Errol Flynn's tailor

For the designers, the drive for authenticity often requires fastidious attention to detail.

In "Seabiscuit," the heart-tugging true story of an aging, crooked-legged horse, designer Judianna Makovsky scoured the US and Europe to find the heavy wool used in the 1930s men's suits worn by Bridges and thousands of racetrack extras.

She then enlisted a veteran studio tailor who had dressed Errol Flynn, James Cagney, and other legendary actors to re-create the Depression-era suits.

"It's about the shoulders," confides Ms. Makovsky, an avid collector of men's ties who earned her third Oscar nomination for costume design with "Seabiscuit." "If it's cut wrong, I'll know. Most people think that menswear is nothing, but it's a very big deal. Period tailoring is an art."

Time and budget permitting, most designers begin research on their task weeks before a film starts shooting.

Penny Rose, the costume designer for Disney's "Pirates of the Caribbean: The Curse of the Black Pearl," showed up for her first meeting with the director armed with ideas based on extensive interviews with a pirate authority from the British Maritime Museum and reviews of 17th-century art books.

Cement mixer as sewing machine

"It seemed to me that the pirates should be super real," Ms. Rose said during a phone interview from the Chicago set of her latest movie, "Weather Man," a contemporary film starring Nicolas Cage.

"They should stink, their clothes should be filthy, and above all, I didn't want them to change clothes."

To create the unwashed look, Rose and her staff put the costumes through a cement mixer and used fraying and overdying processes to "utterly wreck them."

Dickson took a similarly realistic approach in her work "The Last Samurai."

To prepare for the Tom Cruise film set in 19th-century Japan, she met with samurai armor makers and visited textile markets in Tokyo and Kyoto to prepare for the challenge of dressing thousands of Japanese noblemen, village dwellers, and warriors.

In the end, most of the costumes were hand sewn or built in Japan, based on the sketches and fabric samples she provided.

Not comfy?
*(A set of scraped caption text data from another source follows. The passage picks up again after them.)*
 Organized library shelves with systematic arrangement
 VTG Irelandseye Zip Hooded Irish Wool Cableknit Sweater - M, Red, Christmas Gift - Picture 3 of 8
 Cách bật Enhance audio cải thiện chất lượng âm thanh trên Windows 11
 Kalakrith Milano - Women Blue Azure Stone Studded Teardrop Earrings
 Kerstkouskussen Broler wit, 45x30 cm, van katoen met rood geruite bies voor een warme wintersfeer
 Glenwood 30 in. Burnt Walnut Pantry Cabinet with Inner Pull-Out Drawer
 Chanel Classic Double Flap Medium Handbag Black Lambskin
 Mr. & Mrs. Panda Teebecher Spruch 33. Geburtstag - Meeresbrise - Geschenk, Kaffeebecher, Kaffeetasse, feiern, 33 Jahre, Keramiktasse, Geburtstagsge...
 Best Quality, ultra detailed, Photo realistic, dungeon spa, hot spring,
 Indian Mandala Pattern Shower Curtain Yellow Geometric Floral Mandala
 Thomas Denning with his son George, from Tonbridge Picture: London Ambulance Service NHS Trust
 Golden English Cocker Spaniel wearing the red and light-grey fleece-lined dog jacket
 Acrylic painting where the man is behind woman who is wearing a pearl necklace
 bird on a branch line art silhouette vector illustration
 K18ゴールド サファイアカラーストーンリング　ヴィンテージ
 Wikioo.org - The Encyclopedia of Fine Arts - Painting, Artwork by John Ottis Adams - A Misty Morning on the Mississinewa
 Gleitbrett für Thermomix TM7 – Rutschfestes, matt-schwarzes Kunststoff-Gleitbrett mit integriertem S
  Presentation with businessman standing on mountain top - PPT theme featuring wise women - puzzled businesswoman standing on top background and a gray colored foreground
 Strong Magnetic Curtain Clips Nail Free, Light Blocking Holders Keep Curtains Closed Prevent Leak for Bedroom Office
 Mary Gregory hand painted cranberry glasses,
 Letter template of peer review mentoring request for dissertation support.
Good.

In the case of the battle dress for the third "Lord of the Rings" film, even the minuscule chain links on the warrior tunics were authentic. Dickson had a team of shear-wielding workers join each electroplated ring together by hand.

That attention to detail made for such a heavy costume that at one point actor Viggo Mortensen wasn't able to lift himself up without help.

"We had to haul him off the floor," Dickson recalls. "It's kind of amusing in retrospect."

Rose also shows little sympathy for the people she dresses, whether it's a pampered megastar or union-scale extras.

"I'm a great believer in making the actors wear exactly what the characters would have worn in the period. It's no good doing '1920s' and putting panty hose on," says the designer, whose film credits include "Evita" and the upcoming Jerry Bruckheimer epic, "King Arthur." "Wear the suspenders. Feel it. I'm cruel, but I think it's incredibly important."

But what will they wear to Oscars?

In terms of their own tastes in clothes, designers often tend to be as unpredictable as movie audiences.

Dickson, who is tall, slim, and dark-haired, likes to enlist her friends from the fashion industry to make her clothes.

"At the moment, I'm favoring purple," she shrugs. "This week."

Makovsky, for her part, has a few firm ideas about her own Oscar-night outfit, which is being made by John David Ridge, one of the designers who worked for her on "Seabiscuit."

"No trains, nothing too tight, and something warm," says the petite redhead. "Comfort is all."